A Maltese property firm’s description of the Sicilian province of Ragusa as “mafia-free” earned him the rebuke of a local newspaper there, for stamping the rest of the Sicilian island as a den of criminality.
The online Corriere di Ragusa said Frank Salt director Joseph Lupi’s “unhappy” comment – which seized on the region’s apparent mafia immunity as part of his sales pitch – had been “damaging” and a “gaffe”.
Lupi was quoted in a Frank Salt press release saying the company had chosen Ragusa to sell its new properties “mainly for its proximity to Pozzallo and the Maltese islands” and for “its non-involvement with the Sicilian mafia”.

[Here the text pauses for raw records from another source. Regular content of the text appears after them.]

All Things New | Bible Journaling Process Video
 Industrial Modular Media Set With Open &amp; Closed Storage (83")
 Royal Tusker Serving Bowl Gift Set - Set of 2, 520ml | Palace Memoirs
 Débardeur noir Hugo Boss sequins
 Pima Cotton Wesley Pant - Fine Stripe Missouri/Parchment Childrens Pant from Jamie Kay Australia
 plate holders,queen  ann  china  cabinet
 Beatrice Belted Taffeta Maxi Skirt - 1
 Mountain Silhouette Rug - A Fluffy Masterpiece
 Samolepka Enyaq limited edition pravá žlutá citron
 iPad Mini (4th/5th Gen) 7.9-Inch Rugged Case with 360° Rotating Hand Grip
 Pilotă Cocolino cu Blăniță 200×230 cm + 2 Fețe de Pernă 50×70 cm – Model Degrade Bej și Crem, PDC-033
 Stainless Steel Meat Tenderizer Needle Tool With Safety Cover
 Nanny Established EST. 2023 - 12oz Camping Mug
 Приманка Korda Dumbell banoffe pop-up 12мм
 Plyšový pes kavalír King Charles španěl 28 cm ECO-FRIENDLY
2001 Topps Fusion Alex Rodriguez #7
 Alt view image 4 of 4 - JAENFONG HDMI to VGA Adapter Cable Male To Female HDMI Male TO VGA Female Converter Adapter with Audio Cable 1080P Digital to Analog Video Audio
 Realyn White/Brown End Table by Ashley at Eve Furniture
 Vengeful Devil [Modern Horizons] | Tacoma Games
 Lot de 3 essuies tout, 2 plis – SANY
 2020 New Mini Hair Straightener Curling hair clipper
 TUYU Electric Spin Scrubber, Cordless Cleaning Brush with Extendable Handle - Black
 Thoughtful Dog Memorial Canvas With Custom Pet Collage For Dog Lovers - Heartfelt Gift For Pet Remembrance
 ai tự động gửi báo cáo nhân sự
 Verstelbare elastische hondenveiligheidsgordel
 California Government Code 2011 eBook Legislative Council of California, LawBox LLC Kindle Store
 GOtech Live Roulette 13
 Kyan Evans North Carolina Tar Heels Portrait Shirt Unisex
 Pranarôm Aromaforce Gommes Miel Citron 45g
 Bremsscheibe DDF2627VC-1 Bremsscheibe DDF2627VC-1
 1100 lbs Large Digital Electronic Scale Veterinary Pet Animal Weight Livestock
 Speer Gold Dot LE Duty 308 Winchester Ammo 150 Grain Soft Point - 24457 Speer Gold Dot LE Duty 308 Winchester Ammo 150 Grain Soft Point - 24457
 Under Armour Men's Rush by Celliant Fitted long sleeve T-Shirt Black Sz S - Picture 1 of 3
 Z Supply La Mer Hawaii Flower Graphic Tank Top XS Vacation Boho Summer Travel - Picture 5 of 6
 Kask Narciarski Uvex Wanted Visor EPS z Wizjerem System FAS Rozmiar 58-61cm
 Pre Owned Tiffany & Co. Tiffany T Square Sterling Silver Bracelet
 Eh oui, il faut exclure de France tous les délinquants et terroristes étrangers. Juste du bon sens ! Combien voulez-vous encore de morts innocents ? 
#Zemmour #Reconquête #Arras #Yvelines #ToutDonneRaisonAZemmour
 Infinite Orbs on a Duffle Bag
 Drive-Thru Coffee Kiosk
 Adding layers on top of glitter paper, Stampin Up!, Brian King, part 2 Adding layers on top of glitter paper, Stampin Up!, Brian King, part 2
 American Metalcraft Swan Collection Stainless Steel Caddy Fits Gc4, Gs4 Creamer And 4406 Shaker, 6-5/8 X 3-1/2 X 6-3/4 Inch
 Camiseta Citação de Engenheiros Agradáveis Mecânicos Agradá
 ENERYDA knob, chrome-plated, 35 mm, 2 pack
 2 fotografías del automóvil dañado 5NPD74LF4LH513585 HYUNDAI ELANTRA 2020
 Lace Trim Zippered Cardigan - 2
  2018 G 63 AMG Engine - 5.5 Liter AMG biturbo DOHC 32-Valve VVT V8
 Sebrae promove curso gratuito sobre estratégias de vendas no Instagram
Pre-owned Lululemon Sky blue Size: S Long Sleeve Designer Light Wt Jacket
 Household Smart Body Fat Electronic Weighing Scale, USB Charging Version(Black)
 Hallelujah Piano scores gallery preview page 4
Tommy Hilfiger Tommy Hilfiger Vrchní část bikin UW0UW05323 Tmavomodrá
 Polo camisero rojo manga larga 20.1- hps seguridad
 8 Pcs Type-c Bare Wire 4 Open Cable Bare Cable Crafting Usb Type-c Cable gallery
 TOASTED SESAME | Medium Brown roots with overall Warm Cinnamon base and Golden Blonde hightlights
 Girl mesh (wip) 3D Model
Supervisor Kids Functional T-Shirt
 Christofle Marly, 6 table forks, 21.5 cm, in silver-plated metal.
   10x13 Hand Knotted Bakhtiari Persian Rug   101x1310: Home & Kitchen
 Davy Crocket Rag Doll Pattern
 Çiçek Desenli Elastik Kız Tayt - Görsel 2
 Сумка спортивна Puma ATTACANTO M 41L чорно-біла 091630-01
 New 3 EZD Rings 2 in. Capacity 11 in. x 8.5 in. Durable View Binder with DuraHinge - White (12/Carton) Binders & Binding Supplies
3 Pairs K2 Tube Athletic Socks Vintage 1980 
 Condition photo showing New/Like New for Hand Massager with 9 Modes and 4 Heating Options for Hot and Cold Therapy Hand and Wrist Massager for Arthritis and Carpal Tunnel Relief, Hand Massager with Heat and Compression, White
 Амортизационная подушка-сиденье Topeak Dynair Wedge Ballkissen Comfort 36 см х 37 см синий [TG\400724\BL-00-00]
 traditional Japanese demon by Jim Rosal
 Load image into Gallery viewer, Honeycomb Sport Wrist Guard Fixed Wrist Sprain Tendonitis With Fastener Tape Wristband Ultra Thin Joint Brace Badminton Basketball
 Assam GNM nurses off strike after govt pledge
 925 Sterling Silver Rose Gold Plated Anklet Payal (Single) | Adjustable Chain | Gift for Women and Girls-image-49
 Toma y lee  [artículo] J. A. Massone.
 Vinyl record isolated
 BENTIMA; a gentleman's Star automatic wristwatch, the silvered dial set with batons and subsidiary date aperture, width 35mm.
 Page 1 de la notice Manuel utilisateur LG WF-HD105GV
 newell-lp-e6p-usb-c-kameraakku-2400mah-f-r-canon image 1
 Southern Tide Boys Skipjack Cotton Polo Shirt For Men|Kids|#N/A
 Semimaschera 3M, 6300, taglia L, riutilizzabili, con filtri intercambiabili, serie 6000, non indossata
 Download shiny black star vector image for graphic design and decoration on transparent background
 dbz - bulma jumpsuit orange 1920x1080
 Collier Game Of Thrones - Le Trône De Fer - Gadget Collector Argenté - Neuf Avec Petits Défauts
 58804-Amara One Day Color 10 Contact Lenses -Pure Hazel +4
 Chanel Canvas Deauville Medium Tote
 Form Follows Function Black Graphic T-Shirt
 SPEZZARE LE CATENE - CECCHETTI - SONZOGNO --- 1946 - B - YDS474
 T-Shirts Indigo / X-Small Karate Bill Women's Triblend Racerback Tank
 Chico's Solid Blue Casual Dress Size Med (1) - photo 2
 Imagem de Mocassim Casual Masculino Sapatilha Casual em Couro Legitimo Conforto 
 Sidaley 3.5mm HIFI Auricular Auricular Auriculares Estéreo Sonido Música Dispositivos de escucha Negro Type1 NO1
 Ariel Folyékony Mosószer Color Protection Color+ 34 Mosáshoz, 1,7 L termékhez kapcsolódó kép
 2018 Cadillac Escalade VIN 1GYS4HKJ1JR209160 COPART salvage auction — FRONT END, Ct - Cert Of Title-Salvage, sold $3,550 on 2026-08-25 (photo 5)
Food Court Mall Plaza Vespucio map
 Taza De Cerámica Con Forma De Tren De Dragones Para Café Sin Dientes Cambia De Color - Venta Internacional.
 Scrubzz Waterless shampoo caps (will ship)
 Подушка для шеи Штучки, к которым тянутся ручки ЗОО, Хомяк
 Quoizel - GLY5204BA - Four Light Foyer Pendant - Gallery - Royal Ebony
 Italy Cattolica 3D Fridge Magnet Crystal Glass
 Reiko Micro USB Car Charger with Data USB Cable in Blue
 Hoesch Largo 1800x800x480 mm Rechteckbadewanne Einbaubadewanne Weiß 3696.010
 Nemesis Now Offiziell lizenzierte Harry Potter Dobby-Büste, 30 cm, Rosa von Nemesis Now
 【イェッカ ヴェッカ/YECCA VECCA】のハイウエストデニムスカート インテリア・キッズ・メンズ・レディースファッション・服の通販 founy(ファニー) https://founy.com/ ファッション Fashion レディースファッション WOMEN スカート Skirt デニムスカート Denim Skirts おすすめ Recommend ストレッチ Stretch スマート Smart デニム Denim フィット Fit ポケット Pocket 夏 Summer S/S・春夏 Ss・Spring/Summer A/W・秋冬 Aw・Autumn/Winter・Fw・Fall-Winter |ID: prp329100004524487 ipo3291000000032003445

The Corriere appeared to take umbrage at the comment: “In excluding the province of Ragusa from being ‘mafiosa’, it basically stamps the rest of the eight provinces as affiliates of Cosa Nostra.”
Ragusa is conveniently described as a ‘provincia babba’ – ‘babba’ being the Sicilian for imbecile or naïve – but made to imply the province as being tranquil, free from mafia activity.
“The initiative of the Maltese property firm is laudable,” the newspaper went on. “But it’s a pity that certain trappings of a subculture that all of Sicily is trying to distance itself from, returns to damage those who believe in the island’s salvation.”